Whether or not to keep score is one of the game’s longest-running debates and one that seems to never have a right or wrong answer.
There are some who think that golf was, is and always should be a game of numbers. Need more proof? Look at the scorecard. It resembles a math test. Others believe golf should be an enjoyable, spiritual pastime filled with less numbers and more sight seeing, experiencing, feeling the outdoors and every shot.
Perhaps the ultimate answer to the debate — like so many others — is to fall somewhere in the middle. It’s okay to admit that golf is, in fact, a game of numbers and that success (or failure) needs to be measured somehow. It’s also fine to submit that golfers — especially amateurs — should relax a little bit and stop worrying about the outcome so much.
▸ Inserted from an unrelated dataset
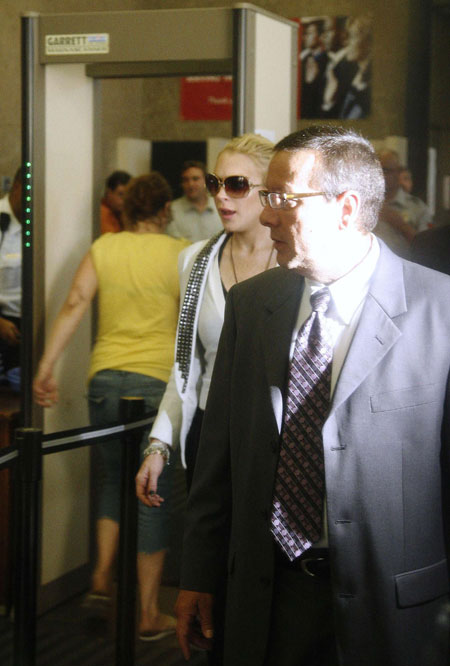 Lindsay Lohan attend progress report hearing for 2007 drunk driving case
Golf Digest writer Max Adler explored the topic in a recent column, talking with golfers at nearly every skill level. Many thought that golf as we have always known it shouldn’t be the end-all, be-all any longer. In the article, 2006 U.S. Open champion Geoff Ogilvy said, “Stroke play is a nonsense game — I don’t see why anyone would do it who didn’t have to.”
Stroke play is great for competitive golfers. It levels the playing field and truly pits each and every player against the golf course and its conditions. But, for the rest of us who are playing the game on our days off and hoping to enjoy ourselves, perhaps there are other ways.
There are plenty of measures of success on the golf course without tying yourself to the stringent scorecard. If you’re playing by yourself, for example, consider skipping the full scorecard and instead measure your success by monitoring two crucial elements: fairways hit and greens in regulation.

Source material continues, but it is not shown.